▸ DATA TO USE
------------------------------

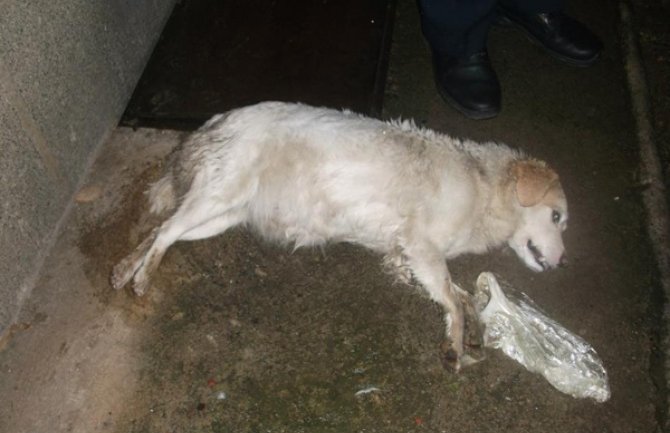 Masovno trovanje pasa pesticidima u Nikšiću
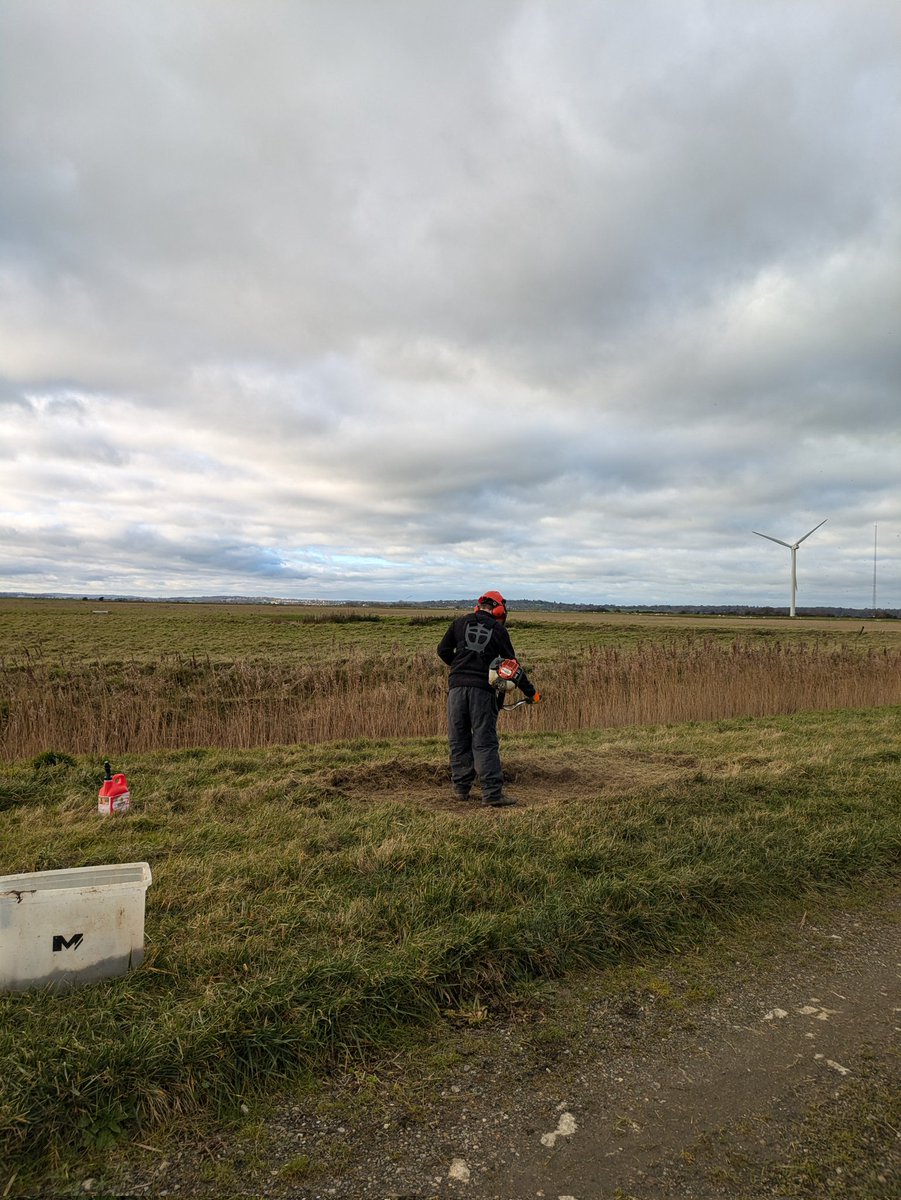 BuzzingSouthEast tweet media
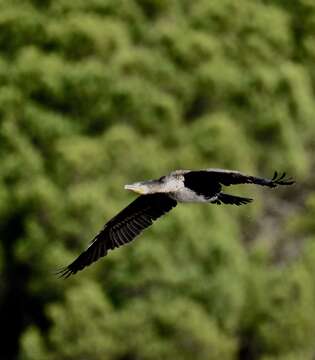 Image of Black Shag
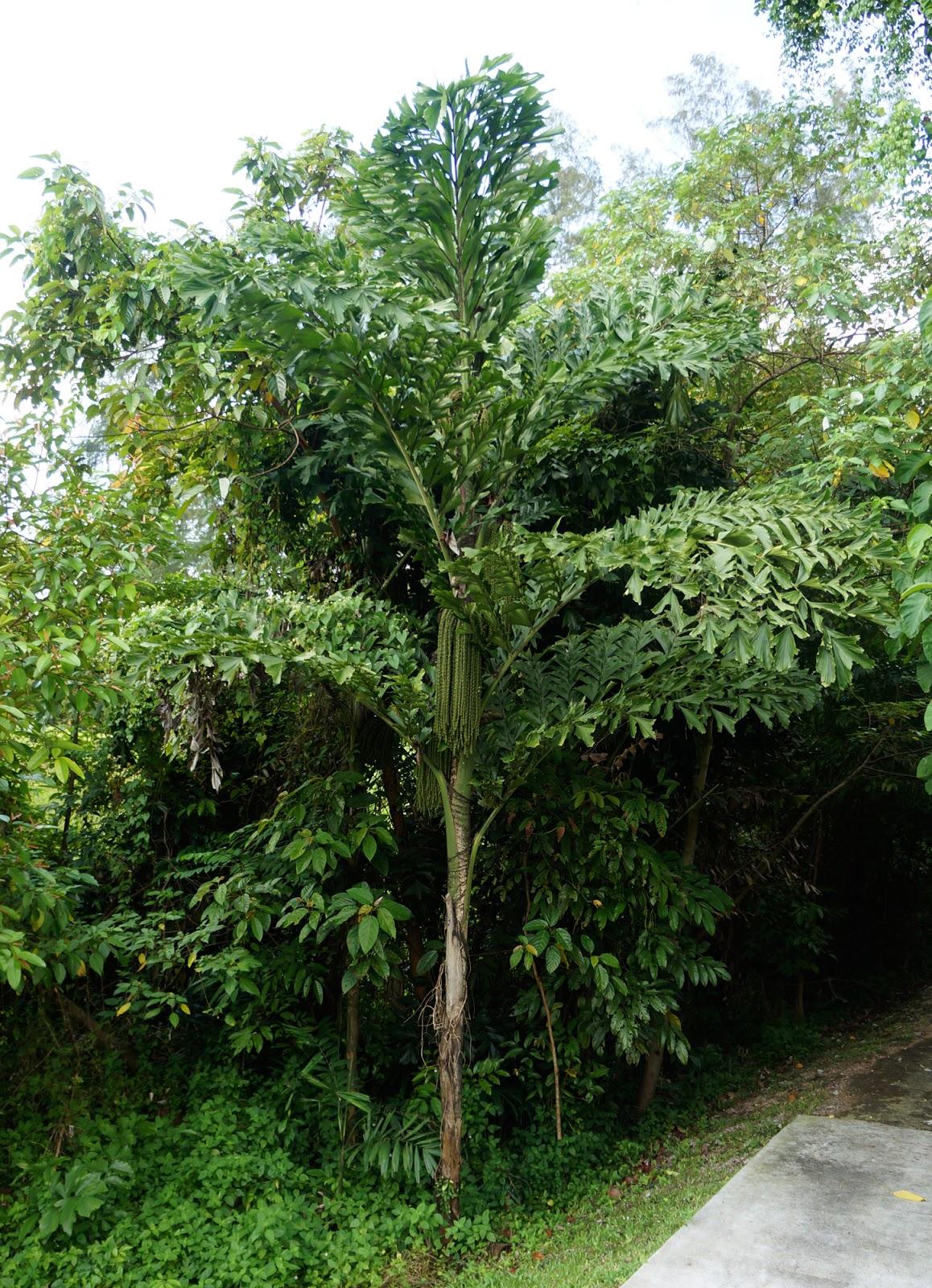 Palm, Caryota Mitis - View 32 from www redcrocus com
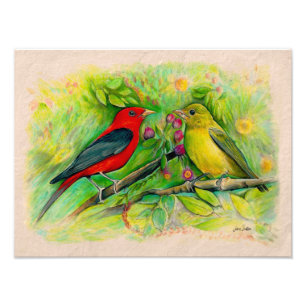 Impression Photo Dessin au crayon de couleur aquarelle des tanagers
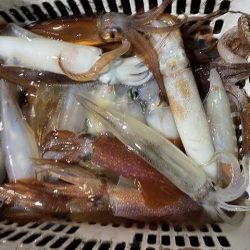 三吉丸 釣果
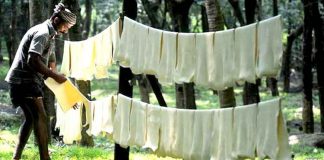 അന്താരാഷ്ട്ര വിപണിയിൽ റബ്ബർക്ഷാമം രൂക്ഷമാകുമെന്ന് സൂചന ; വില 300 കടക്കും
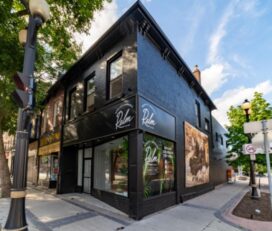 Relm Cannabis Co. – Downtown Hamilton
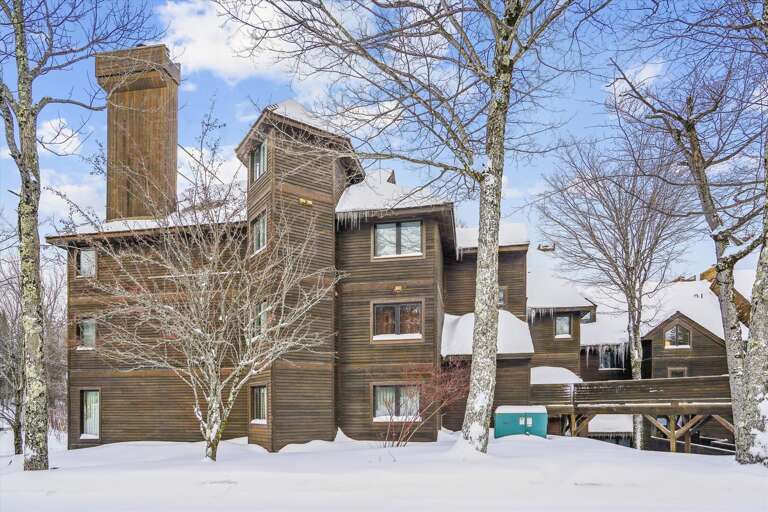 Winter Wood Vacation Rental Nestled Neatly In Snowy Setting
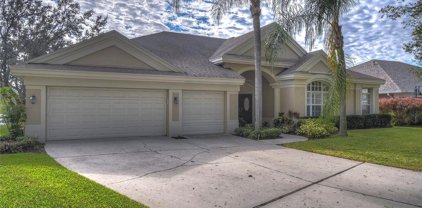 10314 Carroll Cove Place, Tampa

------------------------------

Please transcribe the material above exactly as written. Leave the pictures out.

 Masovno trovanje pasa pesticidima u Nikšiću
 BuzzingSouthEast tweet media
 Image of Black Shag
 Palm, Caryota Mitis - View 32 from www redcrocus com
 Impression Photo Dessin au crayon de couleur aquarelle des tanagers
 三吉丸 釣果
 അന്താരാഷ്ട്ര വിപണിയിൽ റബ്ബർക്ഷാമം രൂക്ഷമാകുമെന്ന് സൂചന ; വില 300 കടക്കും
 Relm Cannabis Co. – Downtown Hamilton
 Winter Wood Vacation Rental Nestled Neatly In Snowy Setting
 10314 Carroll Cove Place, Tampa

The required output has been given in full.